Again, rich hues and realism make this an easy choice.  Jane Morris is the muse here and Rossetti penned a sonnet of longing to go with the painting:

Dire fruit, which, tasted once, must thrall me here.
Afar those skies from this Tartarean grey   

The irony here is that Jane Morris was trapped in an unhappy marriage to William Morris and both she and Rossetti were tasting the forbidden fruit of an adulterous affair.

Il Ramoscello (1865) Fogg Art Museum, Harvard University
I have not been able to find much about this painting but the model appears to be Rossetti’s first muse, Elizabeth Siddal.  They married in 1860 and she died sometime in 1862 after an apparent overdose of laudanum. 

I love the colour and detail of her dress and the coppery sheen of her hair ~ a feature Elizabeth was known for.

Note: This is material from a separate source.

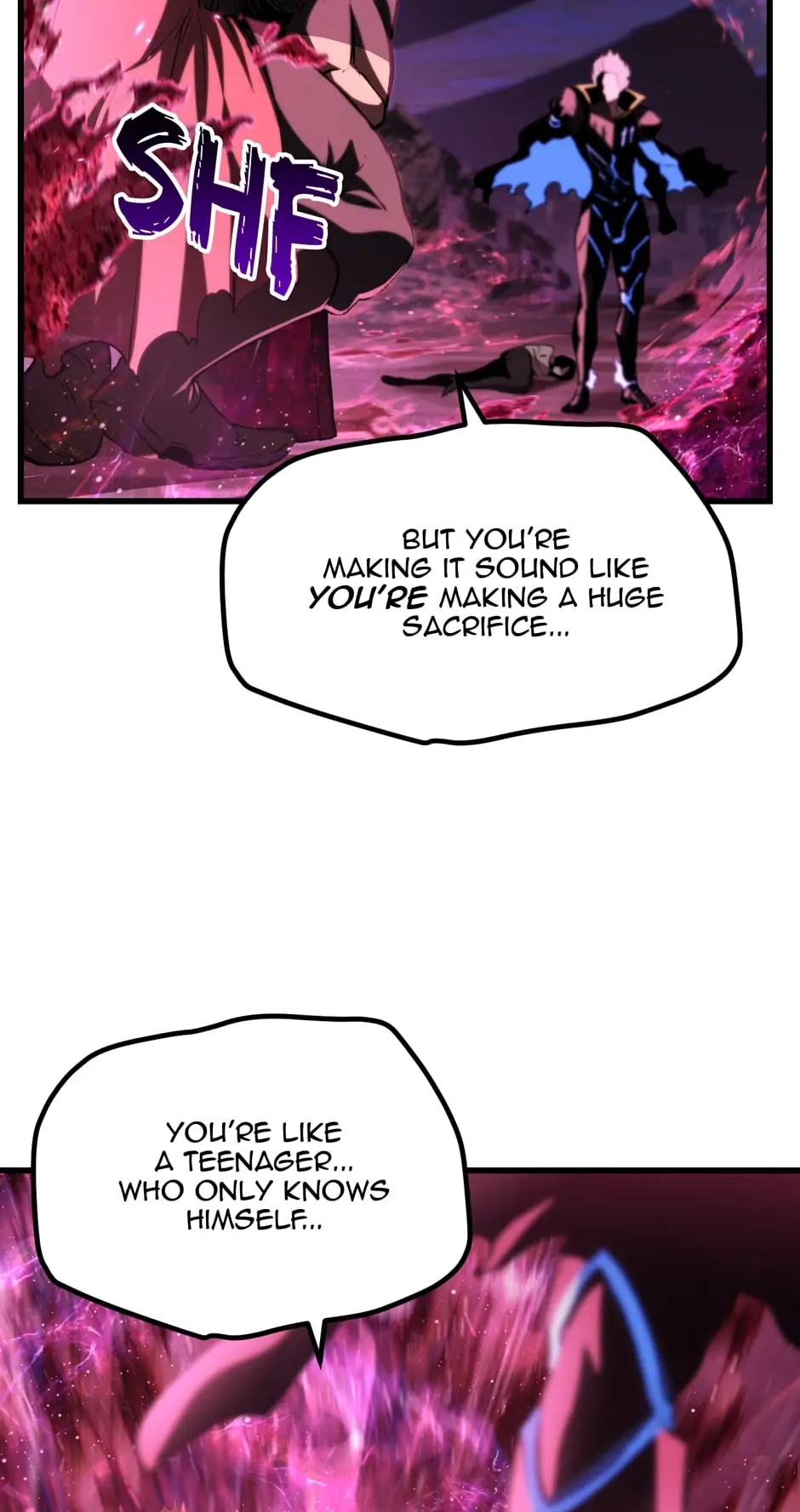 Latna Saga: Survival of a Sword King Chapter 140 page 34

Lady Lilith (1868) Delaware Art Museum, Wilmington
From the Victorian Web:

The model was neither Jane nor Elizabeth, but a third Rossetti muse, Fanny Cornforth. However, in this rendition, the face is that of Alexa Wilding.  Lilith may be a femme fatale, but the colouring and sensuality depicted is beautiful and showcases Rossetti’s obsession with the Pre-Raphaelite ideal woman with long, flowing hair.

Astarte Syriaca (1877) Manchester City Art Gallery
Rossetti depicts Jane Morris here as a strong and sensual Venus, with again, the long, flowing hair.  There is an air of mystery and darkness, and one can almost feel the intense longing of painter and muse for each other.

What strikes you about these paintings?  What do they say to you?  Any other Rossetti favorites and why?

Oremus pro invicem,
~ Mikaela

*Update 10/10/11: Donald Halliday, a tour guide from the Russell-Cotes Museum in Bournemouth read my post and wrote to let me know that the model for Venus Verticordia was not Jane Morris as I thought, but Fanny Cornforth and Alexa Wilding.  The correction has been made.

His note:
"The original model was in Rossetti’s own words ‘”A very large young woman, almost a giantess, I noticed in the street”. Later Rossetti modified the features for that of two of his favourite models. The first was Fanny Cornforth; then later – Alexa Wilding
Rossetti discovered Alexa (Alice) Wilding by chance when he was walking to the Arundel Club one day in the spring of 1865. Seeing her walking next to him, he was struck with her beauty and asked her on the spot to sit for him as a model. She said she would do it if her mother consented. Shortly afterwards, she wrote that her mother agreed. They made an appointment but, much to Rossetti’s disappointment, she did not keep it.
Some few months later he saw her again by chance in the street, stopped her, and offered her generous terms if she would sit for him. She agreed and gave up her dressmaking job. Rossetti retained her at a pound per week to sit for him whenever he asked.
Wilding made such a good model for Rossetti’s later work he said “she has a lovely face, beautifully moulded in every feature, full of quiet, soft, almost mystical repose. She sat like the Sphinx waiting to be questioned with a vague reply in return”
Wilding became one of Rossetti’s favourite models and sat for some of his most famous pictures, including Mona Vanna and The Blessed Damozel. Besides the studies he made for such major oil works, Rossetti executed at least seven separate drawings of her between 1866 and 1873."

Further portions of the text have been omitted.